* [Directions]: With the pictures excluded, retype the records that follow exactly.

* [Data extract]:
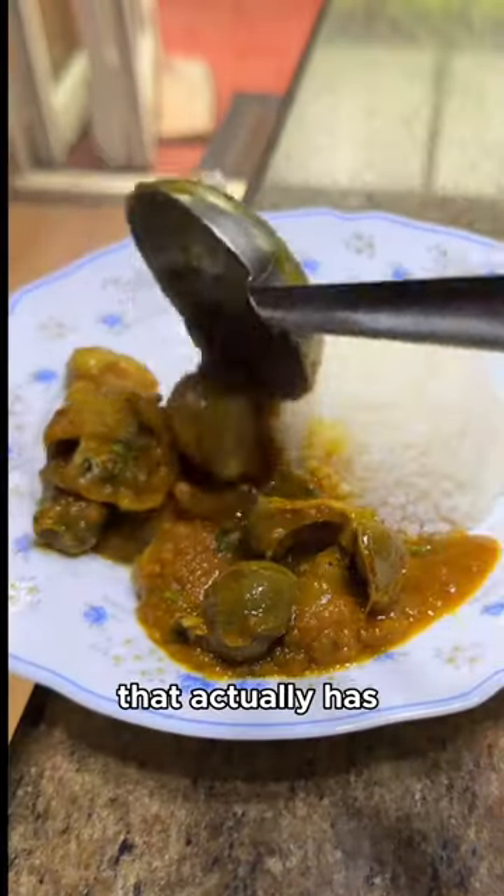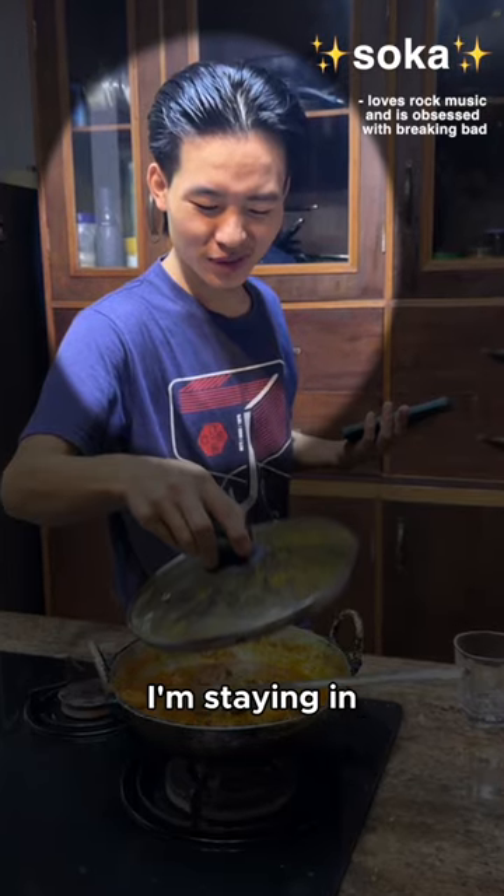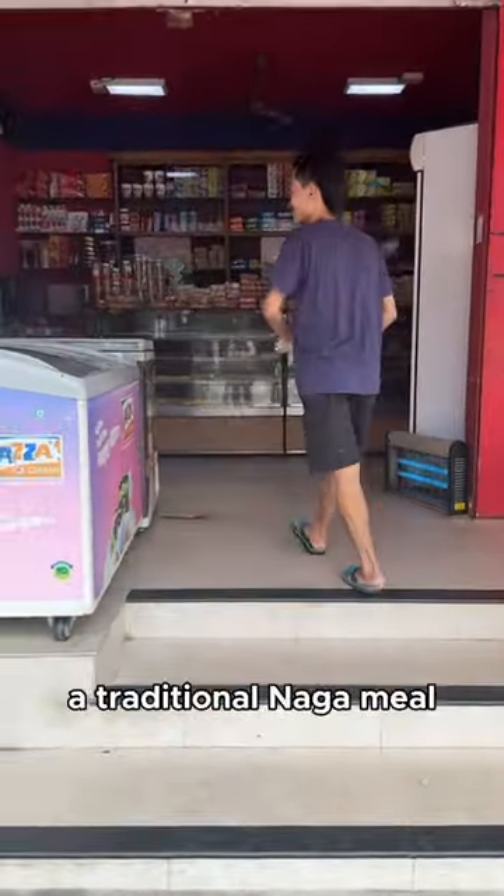Today I learned to make a meal in India that actually has no name and you've probably never heard of it. This is Soka. He takes care of the homestay I'm staying in and he's from a northern state called Nagaland and offered to show me how to make a traditional Naga meal.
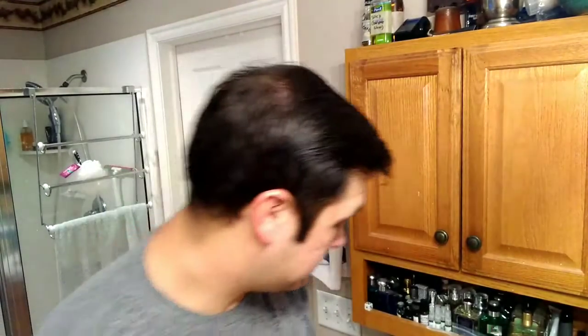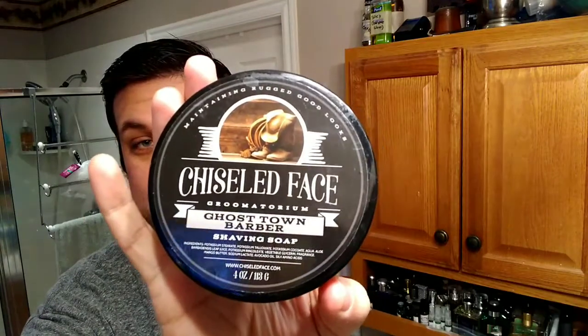Good morning cadre, we're here today to do another blade review. Today's soap is Chiseled Face Ghost Town Barber — I've been sticking with it ever since the last video, using it every day. I don't know if it's going to turn into a 3017 like some of the other guys are doing with other soaps, but I'm at least continuing to use it.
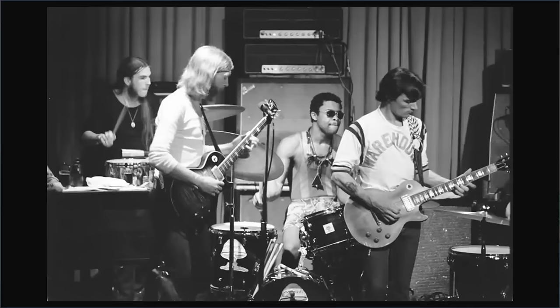Everyone loves Dwayne Allman, but what about the other guy? Dickie Betts was great too. What made his style unique? Let's check it out and put some of his play into our play.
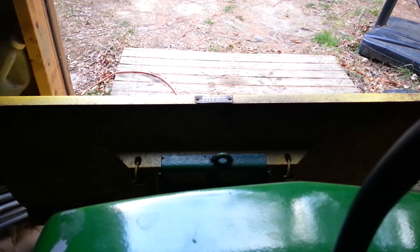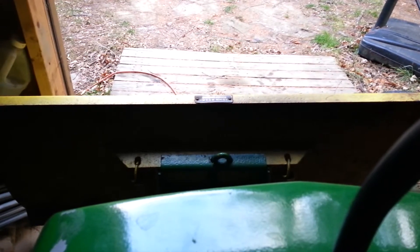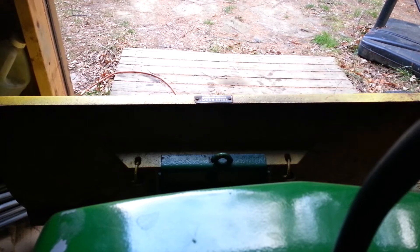I got my plow mount on for my camera for plowing and we're gonna cold start the John Deere with it on the mount. Hope it doesn't shake off. Got 20-weight oil in it now. Hopefully it starts.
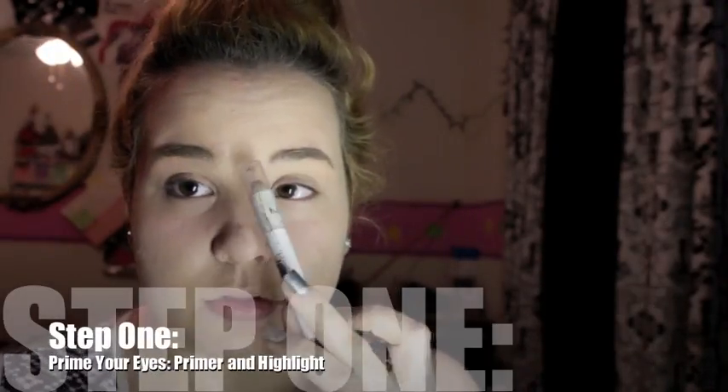Today we're gonna learn how to prime our eyes, apply color, blend, and look great. Just keep watching and you'll be ready for any event that you need to look great at. All right, roll the clip!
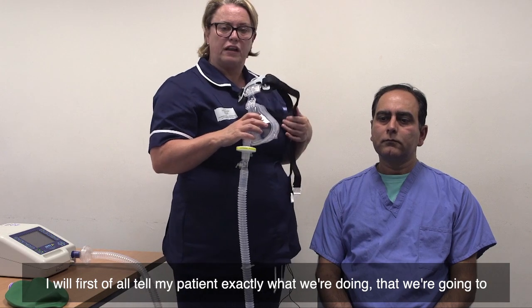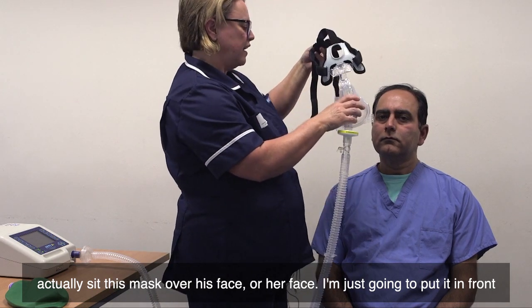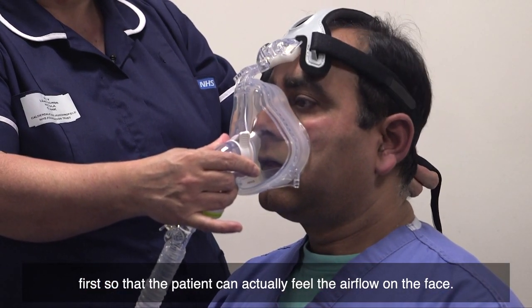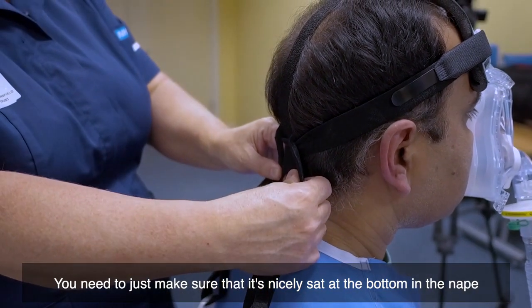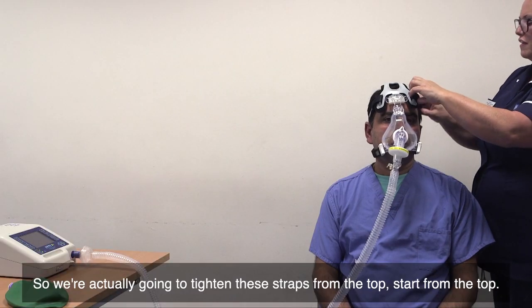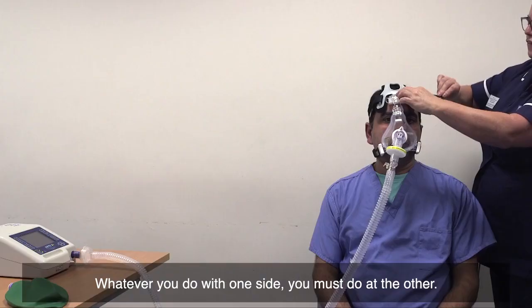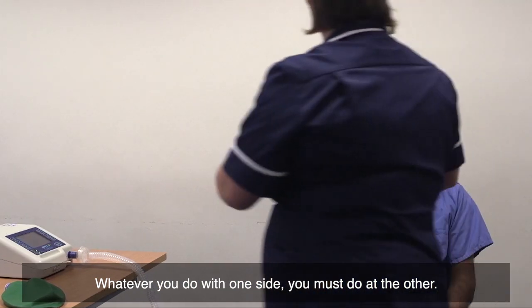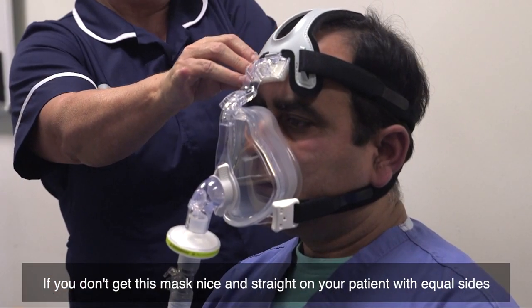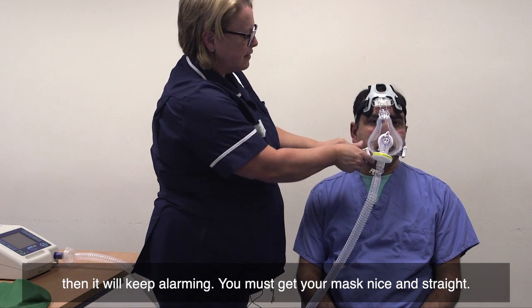I'll first tell my patient exactly what we're doing — that we're going to sit this mask over the face. I'm just going to put it in front first so that the patient can feel the airflow on the face. Make sure it's sat nicely at the bottom in the nape of the neck. We're going to tighten these straps from the top — start from the top, and whatever you do on one side, you must do on the other. If you don't get the mask nice and straight with equal sides, it will keep alarming.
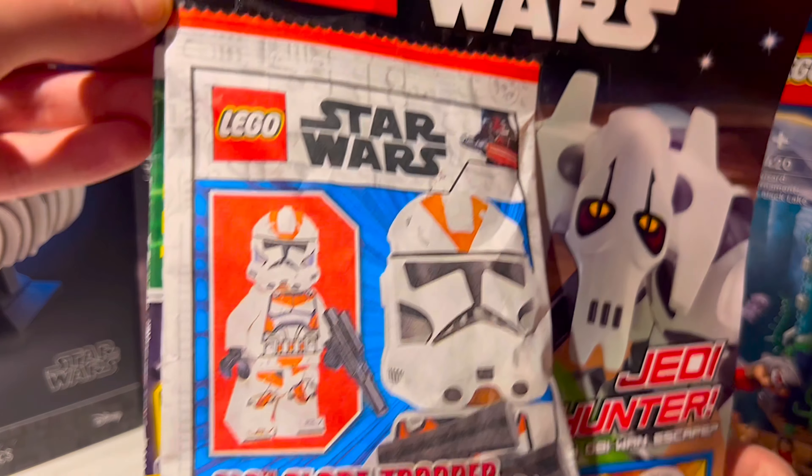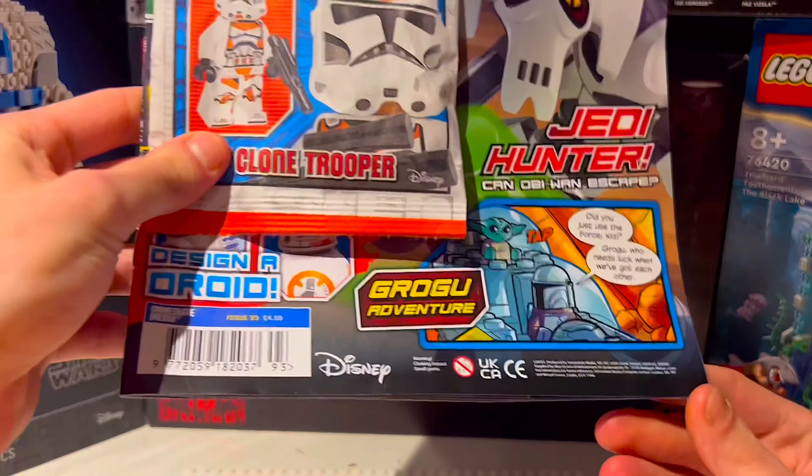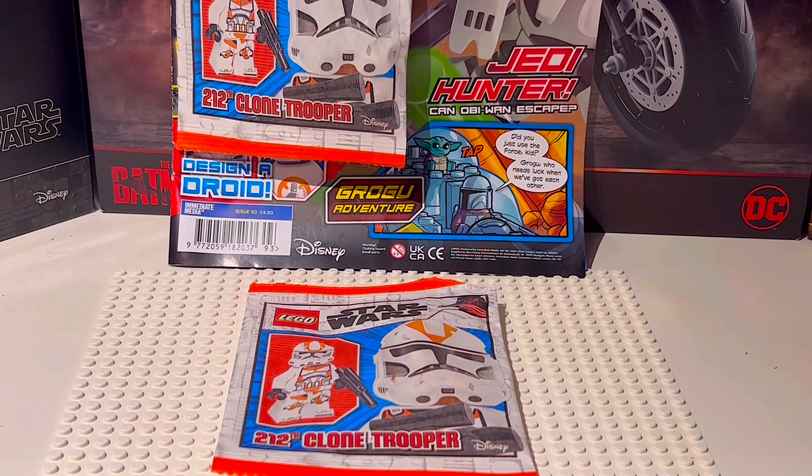This is a Europe-only release, so I'm sorry everyone in the US and the rest of the world. It's just in Europe currently, so I've got as many of these as I can, and I wanted to open one and show you guys the magazine issue.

* [Output below]:
Today I learned to make a meal in India that actually has no name and you've probably never heard of it. This is Soka. He takes care of the homestay I'm staying in and he's from a northern state called Nagaland and offered to show me how to make a traditional Naga meal.
Good morning cadre, we're here today to do another blade review. Today's soap is Chiseled Face Ghost Town Barber — I've been sticking with it ever since the last video, using it every day. I don't know if it's going to turn into a 3017 like some of the other guys are doing with other soaps, but I'm at least continuing to use it.
Everyone loves Dwayne Allman, but what about the other guy? Dickie Betts was great too. What made his style unique? Let's check it out and put some of his play into our play.
I got my plow mount on for my camera for plowing and we're gonna cold start the John Deere with it on the mount. Hope it doesn't shake off. Got 20-weight oil in it now. Hopefully it starts.
Today we're gonna learn how to prime our eyes, apply color, blend, and look great. Just keep watching and you'll be ready for any event that you need to look great at. All right, roll the clip!
I'll first tell my patient exactly what we're doing — that we're going to sit this mask over the face. I'm just going to put it in front first so that the patient can feel the airflow on the face. Make sure it's sat nicely at the bottom in the nape of the neck. We're going to tighten these straps from the top — start from the top, and whatever you do on one side, you must do on the other. If you don't get the mask nice and straight with equal sides, it will keep alarming.
This is a Europe-only release, so I'm sorry everyone in the US and the rest of the world. It's just in Europe currently, so I've got as many of these as I can, and I wanted to open one and show you guys the magazine issue.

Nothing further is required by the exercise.